Question 1

A fractional power makes the shrinkage too weak to be useful in practice. The regularisation term penalises the model’s fit in an effort to reduce overfitting - by using a fractional (\(<1\)) \(p\), we may see only a small regularization effect. This wouldn’t be useful, so we don’t do that.

https://stats.stackexchange.com/questions/269298/why-do-we-only-see-l-1-and-l-2-regularization-but-not-other-norms

Question 2

The loss function used for LASSO may not necessarily be applicable to other models. This means that the subset of features selected by LASSO will not necessarily be best in other models.

More research needed here, but maybe the No Free Lunch Theorem applies?

Question 3

  1. Simulate a linear dataset, which includes some zeros in parameters \(\beta\)
sim_linear_data = function (k=4, n=3) {
    # we have k predictors and n rows
    # Assume x's come from standard normal distribution

    set.seed(20)
    x = rnorm(k*n, 0, 1)
    # convert x's into a n by k matrix and add constant term to create design matrix:
    X = cbind(1, matrix(x, ncol=k))

    # Pick j < k non-zero betas
    num_non_zero = floor(runif(1, 1, k))
    betas = append(runif(num_non_zero), runif(k+1 - num_non_zero))
    
    # Assume epsilon is from standard normal
    epsilon = rnorm(n, 0, 1)
    
    # Calculate y vector
    y = betas %*% t(X) + epsilon
    # # Build a dataframe of our simulated dataset
    # data = cbind(X, t(y))
    # simulated_data = as.data.frame(X)

    # Return everything
    list(betas, epsilon, X, t(y))
}

results = sim_linear_data(20, 100)
true_betas = results[[1]]
true_epsilon = results[[2]]
X = results[[3]]
y = results[[4]]
  1. Use the glmnet package to select LASSO using k-fold cross-validation (CV)

References:

library(glmnet)
## Loading required package: Matrix
## Loaded glmnet 4.0-2
fit = glmnet(X, y)
plot(fit)

Each curve corresponds to a variable, showing the path of the coefficient against the \(l_1\)-norm as \(\lambda\) varies.

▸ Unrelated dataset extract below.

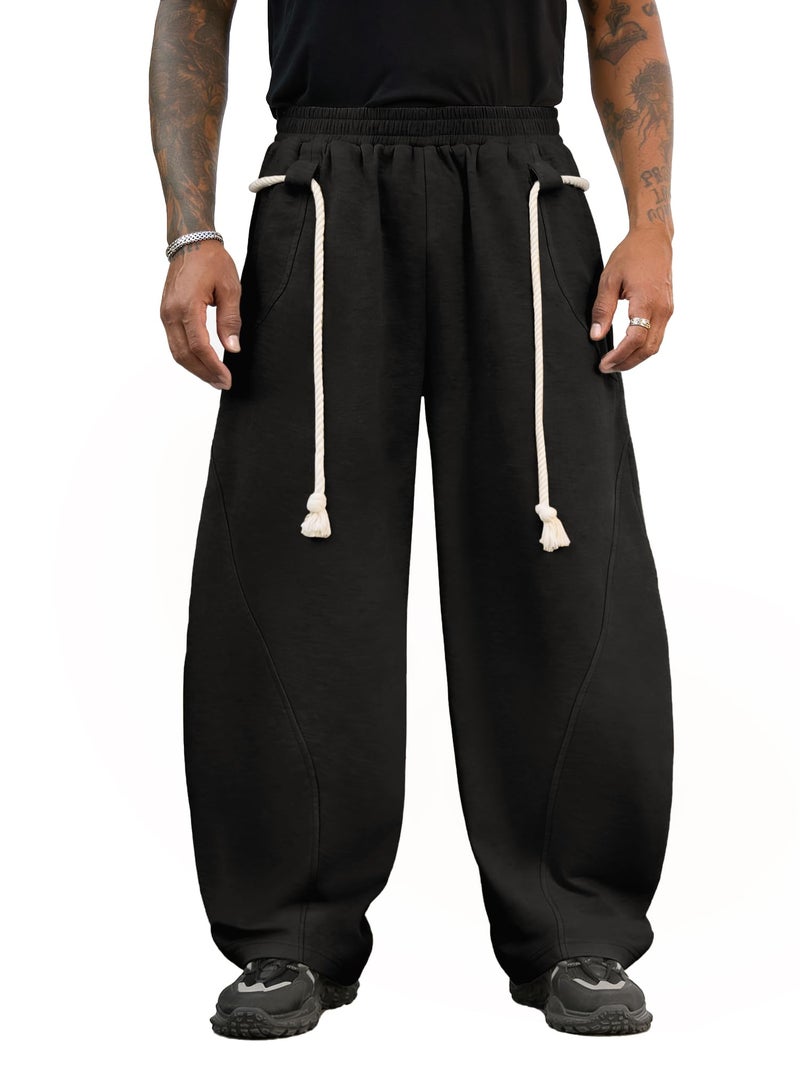 PLEPAN Men's Baggy Sweatpants Wide Leg Barrel Sweat Pants for Women Unisex Oversized Streetwear Slackes with Elastic Waist Black M - Image 1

We perform cross validation and plot the CV curve to see how the model performs when cross-validated. Note that the default number of folds is 10:

set.seed(21)
cv = cv.glmnet(X, y)
plot(cv)

  1. Assign different CV folds, observe whether the features selected will variate in different runs. Comment on that.

honestly idk what the question means here, i’m presuming they mean different numbers of CV folds (aside from the default 10) lol. Could be wrong…

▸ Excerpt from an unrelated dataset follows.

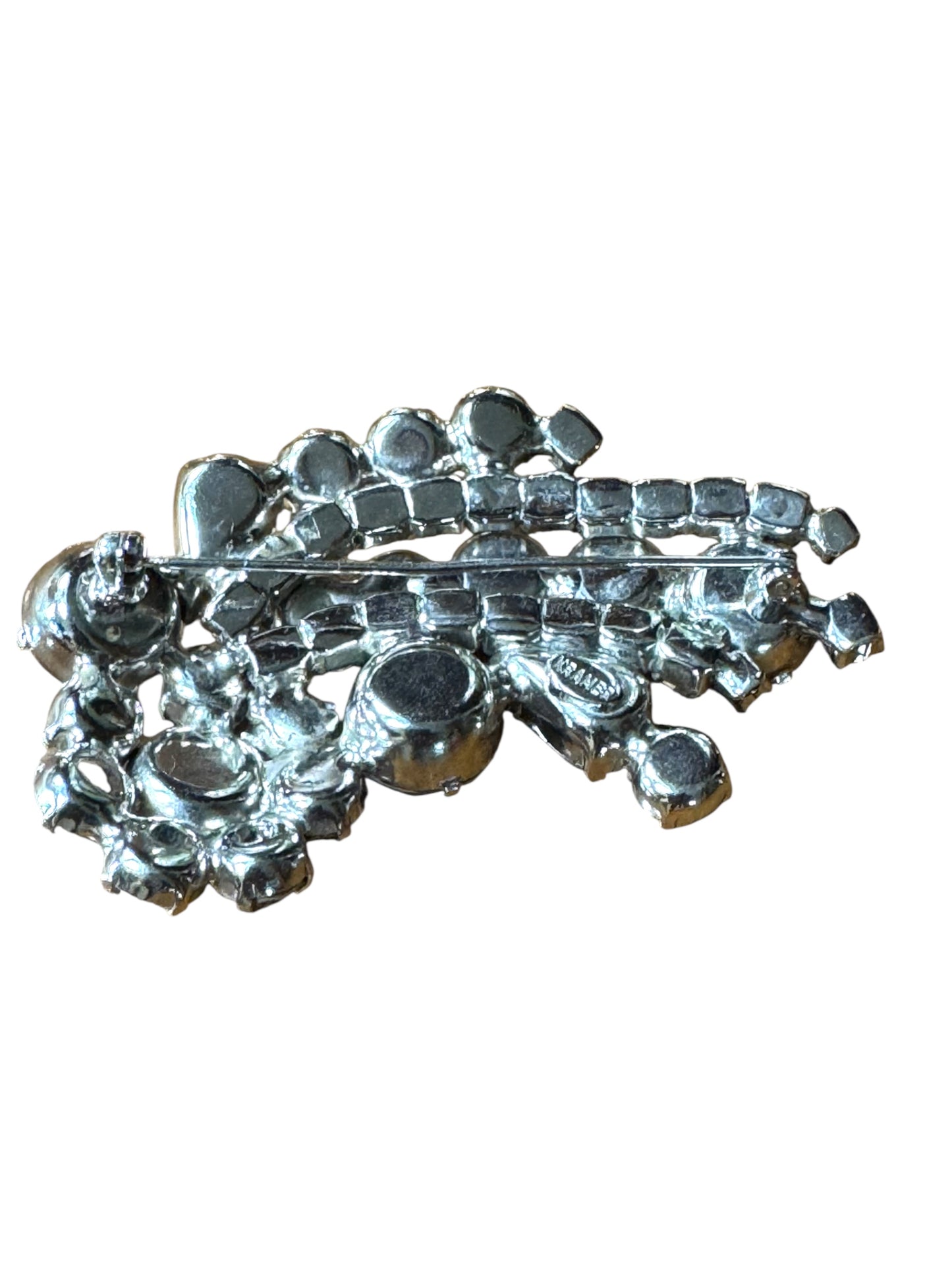 Dazzling mid-century Kramer signed rhinestone brooch – layered brilliance in silver tone, 1950s–1960s vintage jewelry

# function for plotting n CV plots, starting from 5-fold
plot_CVs = function (num_CVs, X, y) {
    set.seed(22)
    numrows = ceiling(num_CVs/2)
    par(mfrow=c(numrows, 2))
    for (i in 1:num_CVs) {
        plot(cv.glmnet(X, y, nfolds=5*i)) # cv.glmnet really does all the heavy lifting here, if you want you can pull the coefficients out and inspect them too. glmnet has great documentation on this.
    }
}

plot_CVs(6, X, y)

  1. Increase/decrease the size of teh dataset and see how the results will change.
# We will use the functions we declared earlier to explore different dataset sizes quickly.

wrapper_function = function(num_predictors, dataset_size, number_of_CVs_to_test) {
    # simulate dataset
    simulation = sim_linear_data(k=num_predictors, n=dataset_size)
    X = simulation[[3]]
    y = simulation[[4]]
    
    # pass into cross validation plotting
    plot_CVs(number_of_CVs_to_test, X, y)
}

wrapper_function(10, 100000, 4)

  1. Do some additional explorations and share your findings regarding the properties of lasso (optional)

If it’s optional, we don’t do those.